After an hour or so, still none the wiser, I popped outside, exasperated and without purchase. I glanced up at the store sign. It did, of course, say W&G Foyle's and this would have been at the end of their seemingly deliberate attempts to be anti-capitalist and anti-consumer by having such infuriating practices as arranging their stock by publisher rather than genre or author meaning that the customer needed a detailed understanding of the industry to track down a specific item otherwise it was just luck.
Today, Foyle's is a smallish chain of award-winning retailers with branches cropping up around the capital (and Bristol). They seem to be expanding when the rest of the paper-selling world is pausing to check the market’s temperature, but I spotted, a spanking new one in the refurbished Waterloo station the other day. For the best part of the twentieth century, however, Foyle's seems to have been a byword of eccentricity.
The flagship Charing Cross store was established in 1906 after the founders, William and Gilbert, vacated their Queen’s Road Peckham store for the centre of town – their first Peckham employee absconding with the week’s takings may have been influential in them moving. With its prime position, ramshackle interiors and enormous stock, Foyle's soon gained a strong reputation. Even the madness reign of Christina Foyle and her refusal to adopt modern retail models couldn’t kill it off.

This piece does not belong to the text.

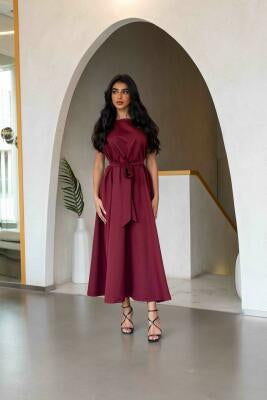 Burgundy crepe dress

As late as 1999, Foyle's was known for things such as not being able to place an order by telephone, a system where for buying a book customers had to queue to collect an invoice, queue to pay the invoice, queue to collect the book. Staff were on the equivalent of zero hours contracts with, at the end of a bad week, Christina roaming the floors firing people at random to balance the books. Of course, the fact many staff were ripping her off can’t have endeared them to her – the ordering system, apparently, kept no record of stock due to arrive just what actually turned up. This left plenty of opportunity, so I’m told, to simply take things out the back of the delivery van and put it straight into your own vehicle.
Still, Foyle's was the epitome of Charing Cross Road – a street which, fifteen years ago, was packed with book shops, mainly second hand. In 2014, Foyle's, Quinto and one or two others are the last players standing – even the specialist murder bookshop, Murder One, swallowed up by high leases and replaced by luggage stores, juice bars and sellers of gimmicky tourist t-shirts. My mother went to London and all I got was this lousy t-shirt because the world doesn’t want anything substantial.

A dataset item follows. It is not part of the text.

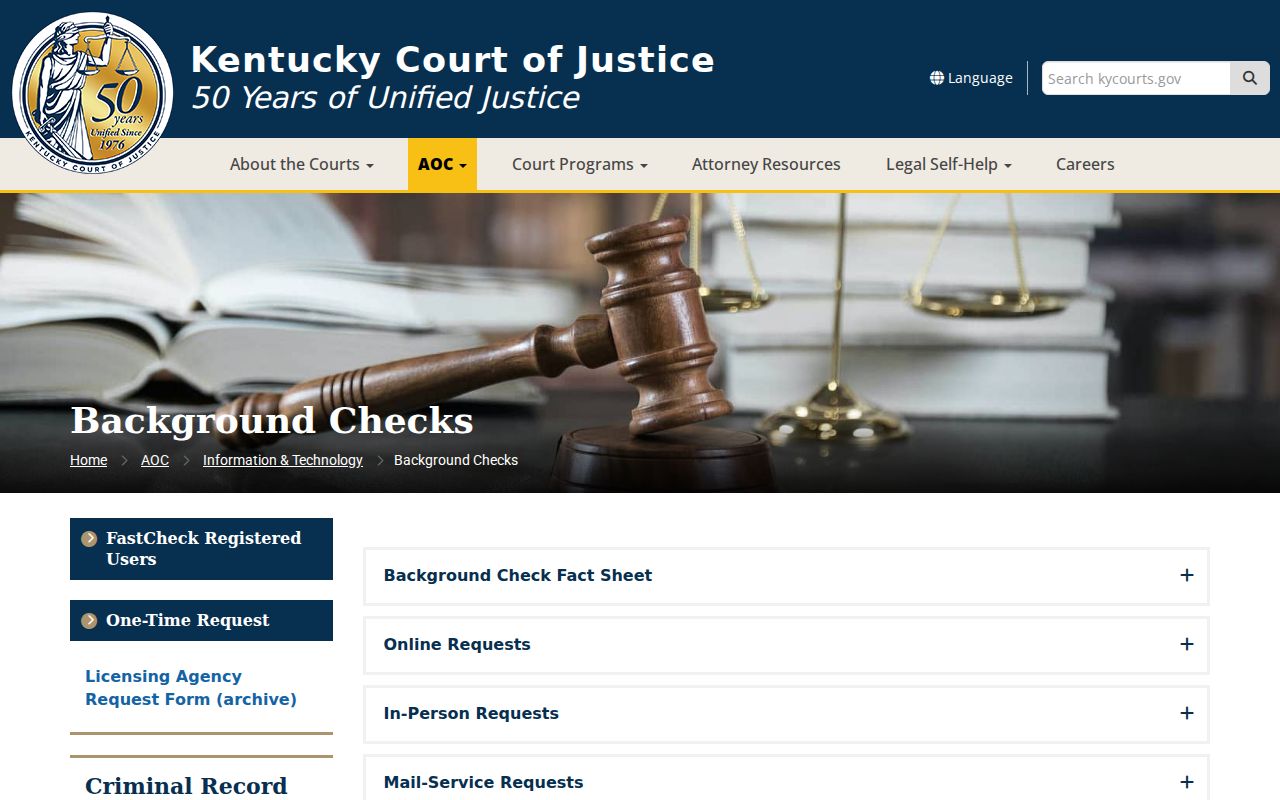 Muhlenberg County criminal history AOC background check options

Even today, despite an expensive overhauling making it less trapped in the past, the store can be charmingly random. A few years ago, I ordered some books online and chose store collect. The collection desk was in the basement and required me to ring a bell for attention. When the attendant grumpily turned up, he scowled, silently took my printed out reference number and stomped off. Ten minutes later he returned, berated me for not realising that just because I’d been emailed to say my order was ready for collection, I shouldn’t have assumed it was and why didn’t I ring to check? Now, bugger off and come back in a couple of weeks.
Despite this, the staff are generally knowledgeable, helpful and hopefully on better terms of employment than they once were. The store is organised, light and well stocked. Regular literary events, talks and book launches open to all, often free, keep it busy and exciting into the evenings.
So, obviously, it’s moving.
Foyle's has spent the past couple of years remodelling the old St Martin’s College of Art and Design. The building, essentially the bookshop’s next door neighbours and immortalised in the lyrics to Pulp’s Common People, shut up shop sometime ago when the university realised it could make a tidy profit selling off a significant central London premises and decamping to something purpose built in the new development north of scrubbed up King’s Cross. The old building was an industrial rat warren, pockets of concrete and belching chic pipes producing the occasional fart of compressed steam. In the film version of Tinker, Tailor, Soldier, Spy, the British Intelligence headquarters is filmed in the college, presumably between the university vacating it and Foyle's swinging in to redevelop (that was a touch I liked as, while it looked ridiculous as a base for seventies spies when the organisation’s senior management would have had one foot in the Edwardian period, the location is only a few metres away from Cambridge Circus, where John Le Carre placed them in the original novel).
I hope Foyle's haven’t done too much remodelling. The way I remember the college building is that it would be suitable eccentric to be their twenty-first century home without adopting the more generic, bland temperature of most retail corporate’s flagship stores. And Foyle's has never been bland. A little bonkers, but never bland.